Benefits of SubscriptionGroups
Subscription group offers throttled access to a shared resource that is being used by multiple handlers concurrently. Imagine a scenario in which you have several queues whose handlers all hit the same database. To be resilient under load, it's important to not overload the database by allowing too many requests through. Using subscription groups would put a concurrency limit that is shared across all handlers.
Drawbacks of Using Subscription Groups
Subscription groups induce a constant backpressure of messages that is governed by the WithPrefetch extension method. This controls the number of messages that should be read from SQS each time it makes a call. Each SQS queue within the group will prefetch 1 batch of messages during the first iteration. Subsequently, as soon as 1 message is being processed from a batch, the next batch is fetched pre-emptively.
The downside to this approach is that during each polling request, the user is receiving more messages than what can be consumed. These messages are buffered until a worker is available and their visibility is constantly being monitored and extended in the background. This can have business impact for customers since requests for extending visibility of messages are chargeable. This drawback was also mentioned in one of the PR comments left by a maintainer of JustSaying. Concurrency management in subscription groups is decoupled from the message polling logic. Concurrency limits will only restrict the number of handlers being invoked across all SQS queues but it does not influence the number of messages that will be fetched from SQS during each service call.
Additionally, messages that are polled from multiple SQS queues are buffered asynchronously and are interleaved. Since there are no guarantees on ordering of messages, JustSaying does not support FIFO handling of messages and also has an open GitHub issue about it.
Why did JustSaying opt to use a Channels based approach to concurrency management?

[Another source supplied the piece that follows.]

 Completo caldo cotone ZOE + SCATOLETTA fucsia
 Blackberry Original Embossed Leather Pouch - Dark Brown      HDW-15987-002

This GitHub issue outlines the concurrency related issues in JustSaying prior to V7. Below is a summary of it:
The had an interface called IMessageProcessingStrategy with the following members
int MaxWorkers { get; }
int AvailableWorkers { get; }
void StartWorker(Func<Task> action);
Task WaitForAvailableWorkers();
Imagine a scenario where a single instance IMessageProcessingStrategy
was shared across 2 SQS pollers.
- T0:
AvailableWorkers
is 0. Both pollers are blocked onWaitForAvailableWorkers()
- T1:
AvailableWorkers
is set to 1 and both pollers attempt to read this value. - T2: Poller 1 reads the value first and requests SQS for 1 message and dispatches it for processing, decrementing
AvailableWorkers
to 0 - T3: Poller 2 still has the stale value of
AvailableWorkers
in memory and requests 1 more message and eventually dispatches it for processing but also violates the concurrency limit.
They did not have a thread-safe way to maintain a count of AvailableWorkers
across multiple SQS pollers and therefore moved away from it.
Conclusion
There are no user reported issues with the concurrency strategy currently used by AWS Message Processing Framework for .NET. It is stable with extensive test coverage around it. We currently do not plan to support setting a concurrency limit that is shared across multiple SQS queues and therefore have decided to stick to our current concurrency management startegy.